Information provided START

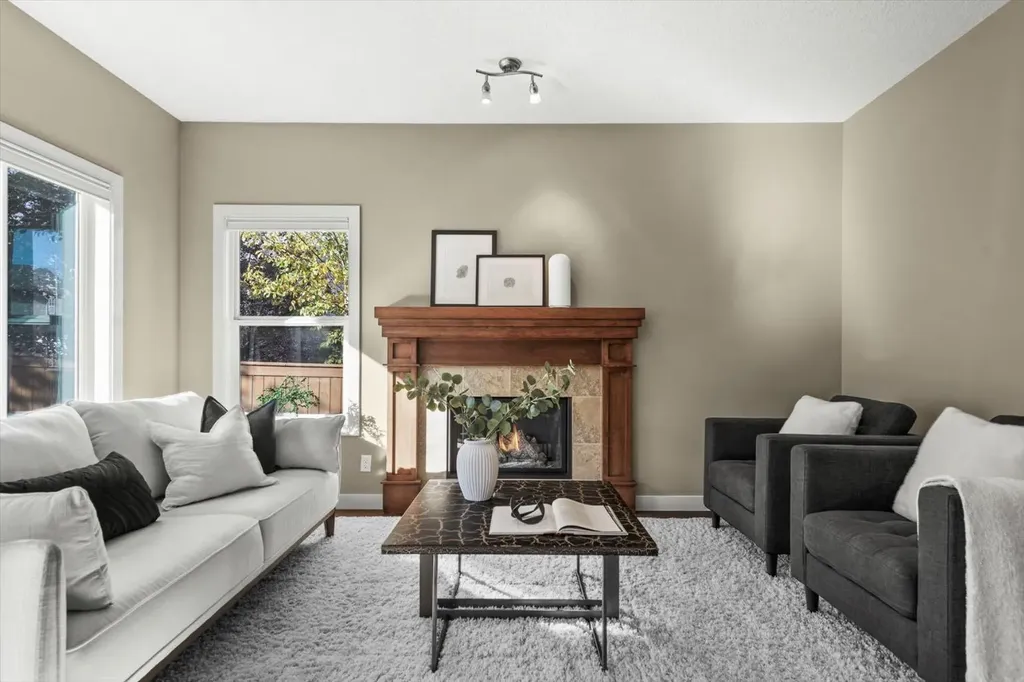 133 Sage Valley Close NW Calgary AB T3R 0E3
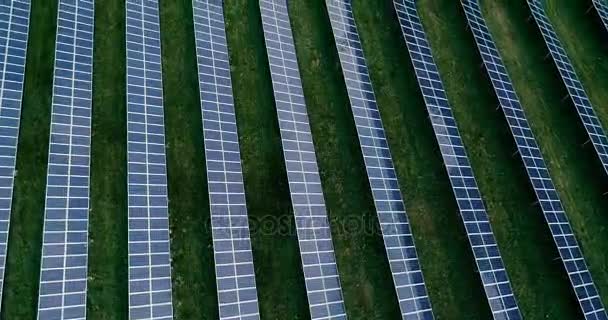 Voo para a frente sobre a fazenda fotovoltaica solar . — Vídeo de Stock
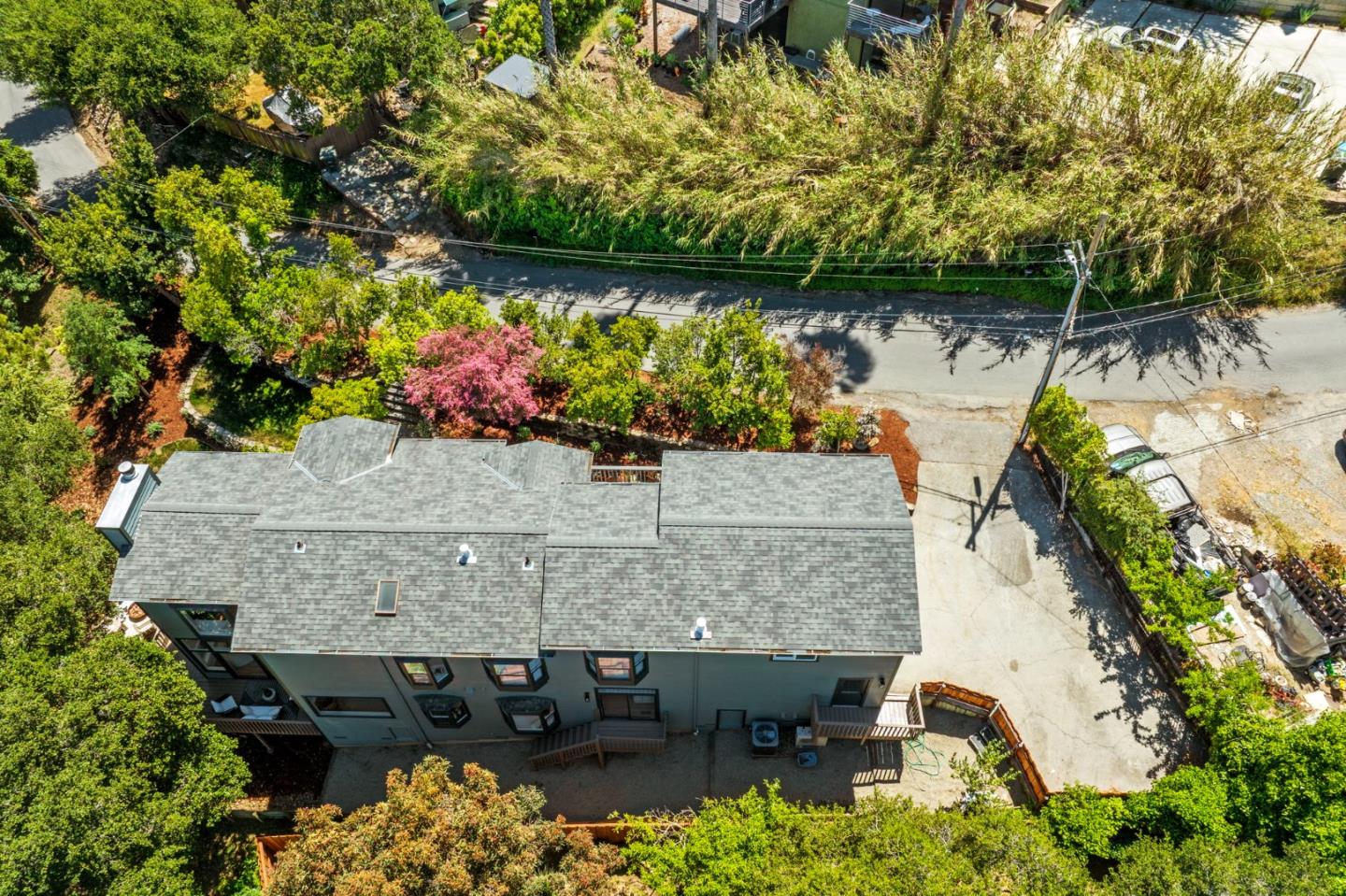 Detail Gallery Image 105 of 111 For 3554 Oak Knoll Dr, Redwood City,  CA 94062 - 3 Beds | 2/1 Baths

Information provided END

= Work to complete =
Return the data exactly as it stands, minus the pictures.

= Result of this exercise =
 133 Sage Valley Close NW Calgary AB T3R 0E3
 Voo para a frente sobre a fazenda fotovoltaica solar . — Vídeo de Stock
 Detail Gallery Image 105 of 111 For 3554 Oak Knoll Dr, Redwood City,  CA 94062 - 3 Beds | 2/1 Baths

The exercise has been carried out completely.